On le doit à la simplicité de la revendication, au fait qu'elle concerne la quatrième partie de la vie de la population mise en cause par les 64 ans et la durée de cotisation alors que le travail, pour celles et ceux qui en ont un, est plus vécu comme "du chagrin" que comme enrichissant.
On le doit beaucoup aussi à la solidité d'une unité retrouvée de l'intersyndicale, bien si précieux que toutes les organisations se doivent de la préserver sous peine de disqualification.
Le contexte politique a aussi favorisé les mobilisations avec une donnée elle aussi exceptionnelle : le président et son mouvement ont été battus lors des dernières élections législatives qu'ils étaient assurés de remporter.

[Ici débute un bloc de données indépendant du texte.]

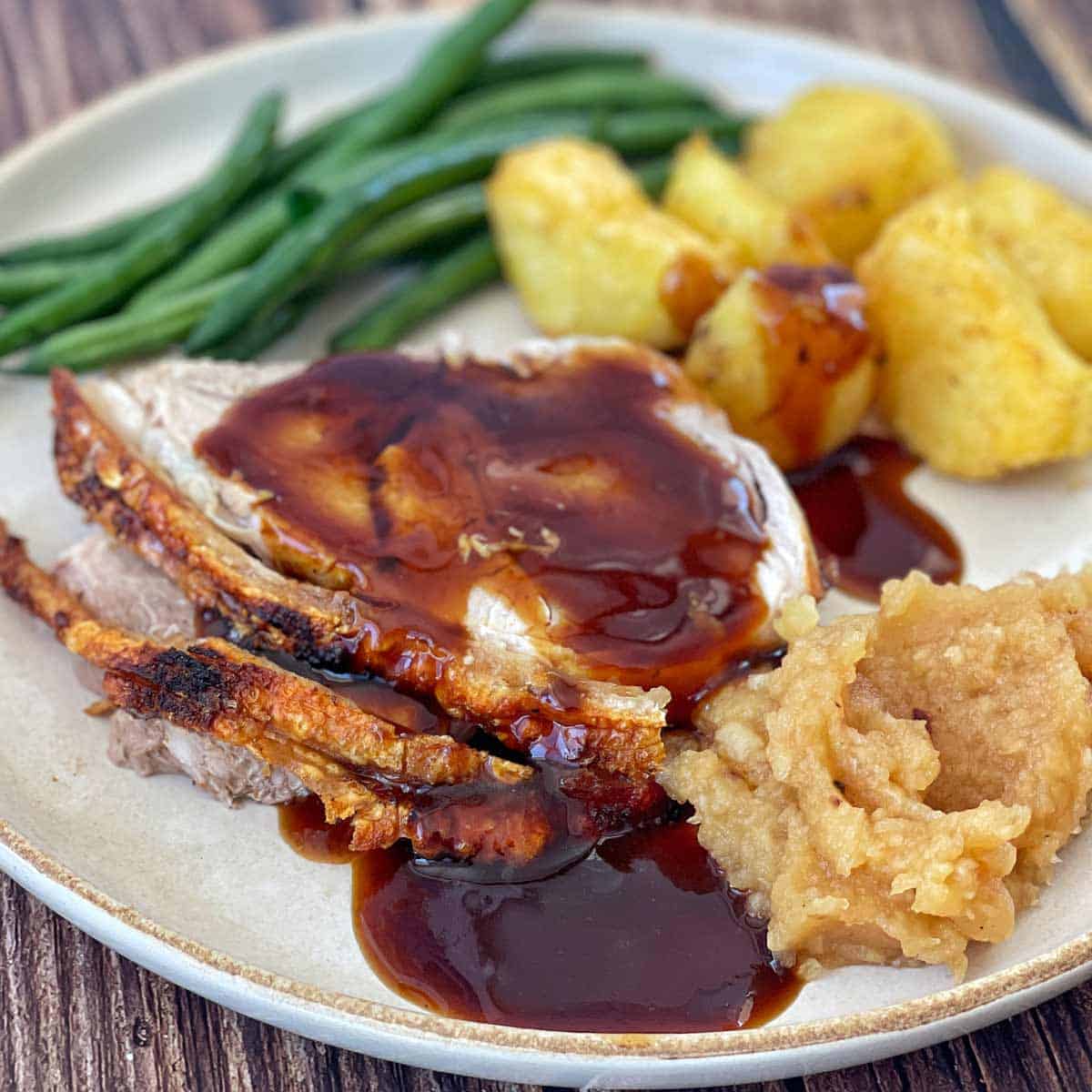 Plate with sliced roast meat covered in gravy, accompanied by green beans, roast potatoes, and applesauce.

Que d'efforts déployés pour tenter de masquer cette défaite cuisante et pour la transformer en majorité relative ! Dès le premier tour de l'élection présidentielle avait été sous-estimée la détestation qui s'attachait déjà à la personne du monarque due au mépris en permanence affiché à l'encontre des premiers de corvée et au-delà. Peu de cas avait été accordé au souhait majoritaire de ne pas se retrouver une fois de plus avec un deuxième tour Macron-Le Pen. Sous-estimé aussi le rôle joué dans la défaite du sortant par sa retraite à 65 ans, brandie dans son peu de campagne électorale. Que le passage à 64 ans et la durée de cotisations aient provoqué tant d'oppositions n'est donc pas une surprise. Que le pouvoir se soit montré incapable de justifier sa réforme autrement que pour prouver à l'électorat de droite qu'il était capable de continuer de réformer le pays dans le sens voulu par la finance et la Commission européenne n'a fait qu'exacerber toutes les colères. Que pour y parvenir ait été mis en oeuvre tout ce que les institutions de la Ve République recèlent de contraintes, d'autoritarisme et de pouvoir solitaire n'a réussi qu'à ajouter à la crise sociale une crise démocratique.

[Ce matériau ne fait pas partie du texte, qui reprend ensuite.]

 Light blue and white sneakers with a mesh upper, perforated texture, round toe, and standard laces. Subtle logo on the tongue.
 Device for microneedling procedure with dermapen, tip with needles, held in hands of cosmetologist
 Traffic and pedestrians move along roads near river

Incontestablement la détestation du méprisant joue un grand rôle -et les réflexions de Philippe Corcuff méritent intérêt-, elle ne favorise pas forcément l'élévation du niveau de conscience dans un pays dans lequel l'extrême droite est aux portes du pouvoir au point d'être perçue comme incarnant la seule alternance possible à la politique actuelle. Obstacle de taille pour l'emporter ! Les spécialistes du rapport de forces ne l'avaient-ils pas vu ?
La vie chère, la montée de l'inflation, la faiblesse des rémunérations, la précarité, la pauvreté ont rendu les grèves de longue durée très difficiles à mener. Les assemblées générales de grévistes, facteurs essentiels pour créer une dynamique qui s'installe dans la durée, ont manqué. L'ambiance générale n'est pas en faveur du climat de confiance et d'espoir dont tout mouvement social a besoin pour jouer la gagne. D'ailleurs, les manifestants et grévistes, depuis le début, doutent de pouvoir l'emporter. Pour tout le monde, l'avenir est empli d'incertitudes, de menaces, de graves périls avec les conséquences du réchauffement climatique et la guerre en Ukraine.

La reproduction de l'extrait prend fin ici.